Port Authority Raises Tolls & Fares, Says It's the Only Financially Solvable Solution
The Port Authority approved a fiscal health plan that will raise tolls and fares over the next few years, starting next month.
The new fares will balance transportation and economic development needs of region with toll and fare payers' economic realities, according to the PA press release.
The agency has approximately $14 billion in debt, Reuters reported.
The Capital Plan was recommended by governors Chris Christie of New Jersey and Andrew Cuomo of New York. They wrote in a letter to the PA that the hikes be made on the condition of a stringent audit of the Port Authority practices that led to the fiscal mismanagement that made these increases the only financially solvable solution in the first place.
The reports of cost overruns, excessive overtime, and exorbitant spending must stop immediately, Christie and Cuomo wrote in the joint letter. We will assure that every toll dollar is well spent and waste and abuse is immediately attacked.
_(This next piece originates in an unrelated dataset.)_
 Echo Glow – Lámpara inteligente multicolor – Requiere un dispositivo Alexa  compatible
This audit will be twofold-it will focus on both a financial audit of the authority's 10-year capital plan to further reduce its size and cost and a top to bottom management review of the authority's finances and operations to find ways to lower costs as well as increase efficiencies.
The increases are lower than what was originally proposed.
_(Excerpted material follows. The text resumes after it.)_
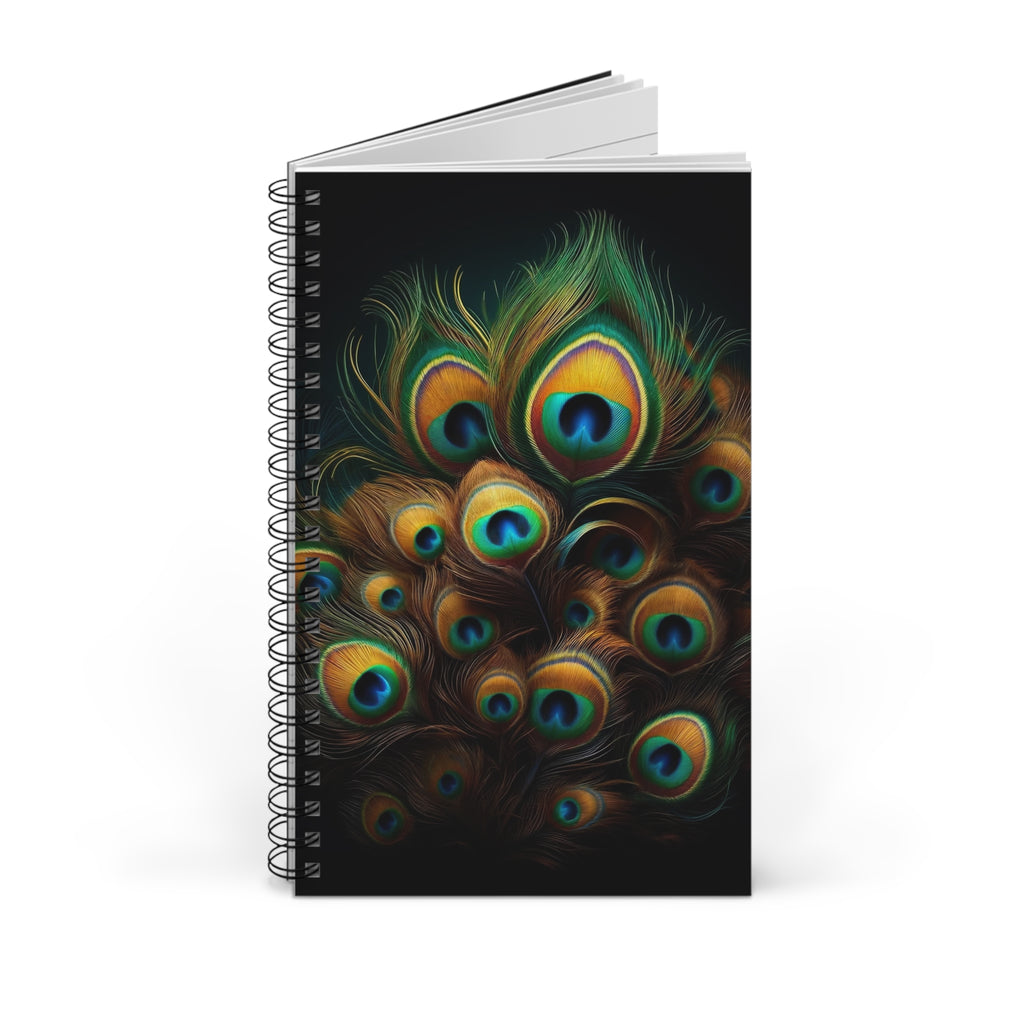 Elegant bouquet of Peacock feathers - Spiral Journal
Tolls for cars that have E-ZPass will increase by $1.50 in September and then by 75 cents each year through the year 2015.
Cars that pay with cash will have the same increase, but they will also have to pay a $2 penalty fee for using cash to get through the tolls.
Trucks that use E-ZPass will pay an extra $2 per axle in September and an additional $2 per axle in December of each year from 2012 to 2015.
Trucks that go through tolls paying cash will have the same increase but will have an additional $3 per axle cash penalty.
PATH train fares will increase by 25 cents each year for the next four years.
The improvements to be made under the new toll and fare increases include rehabilitation of the Lincoln Tunnel helix, completion of the World Trade Center, airport runway and taxiway modernizations, and PATH Car, signal, and station modernizations.